Sunday, August 23, 2009

Some highlights of the year

Here are some tidbits gleaned from Google Analytics:
  • The top five pages are
    1. The main Field Notes page. I think that's generally people dropping back in to check the site.
    2. Go ahead and talk to strangers, about the intriguing and popular Omegle anonymous chat server.
    3. Information age: Not dead yet, a reply to Joe Andrieu's contention that the Information Age is behind us now, has been picking up steady traffic from searches like "When did the information age begin?" ever since. It doesn't answer the question. Rather, it argues that the question itself is ill-defined, which I still think is a valid response.
    4. "Hackers crack SSL", one of a series of articles in which I tried to track down what actually happened and discovered an interesting tale. I suspect that at least some visitors were looking for advice on how to crack SSL, in which case they would likely have come away disappointed.
    5. Now what happened to my bookmarks?, another post likely to disappoint searchers. It's about why I don't seem to use the bookmarks feature on by browser much at all, not about how to recover lost bookmarks, so I've added a note at the top with links to several more useful pages and/or searches.
  • The top five searches are
    1. omega talk to strangers (see above)
    2. how to guess someones password on worldscape. It turns out that the words in question appear in close enough proximity for Google to think I might have something to say on the topic. I don't.
    3. field notes on the web, fairly enough
    4. what happened to my google bookmarks (see above)
    5. when did the information age begin (likewise)
  • Other searhces that caught my eye, for whatever reason
    • how many threes are in a dozen?
    • powerset -"power set" -powersets
    • hammock kenotic torrent
    • "poach tickets"
    • "david hull" -aerosmith +microsoft
    • "david hull" -aerosmith -humanities
    • "what's a concept"
    • accelerometer, disable the device,driving
    • al gore lisp
    • all human knowledge how much information
    • hand ciphers touch-tone phone
    • how can the concept of a wovel be used in ecommerce systems
    • j. k. rowling lisp
    • photo fedex man eating lunch
    • quick before you change your mind david hull
    • salt lake city trip checked into hotel
    • was kathleen antonelli interested in music
    • what is that chat room called? omega something? chat with strangers?
    • why did the information age occur
["How many threes are in a dozen?" has a particularly interesting history with this blog ... I'll let you do the searching, particularly since results may change from time to time ... --D.H. Dec 2015]

Friday, May 23, 2008

Crowdsourcing crime statistics

A while ago I ran across a dispute concerning Sitefinder.

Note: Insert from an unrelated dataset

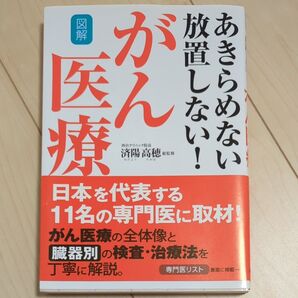 がん医療 図解 あきらめない放置しない! 済陽高穂/総監修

Sitefinder provides access to a database of cell tower locations. Unfortunately, the database is incomplete, as not all providers have agreed to provide data for it. In the original post, I suggested this was a job for crowdsourcing, though I don't know whether anything of the sort actually happened.

However, someone has put into practice the general concept of crowdsourcing a parallel database when the official information is not readily available. Vasco Furtado's site, wikicrimes.org, uses pushpins on a Google map to chart crime in Brazil. Anyone can add a pushpin, or confirm (or disconfirm) a crime already reported.

Judging from the site, either they haven't hit critical mass yet or Brazil's crime rate is exceptionally low. Even if there were more data points, one would have to take it with a grain of salt, if only because some areas may happen to have more wikicrimes contributors and different areas have different rates of internet penetration. Of course, one should take any statistics, official or otherwise, with a grain of salt. At the very least, it's an interesting experiment.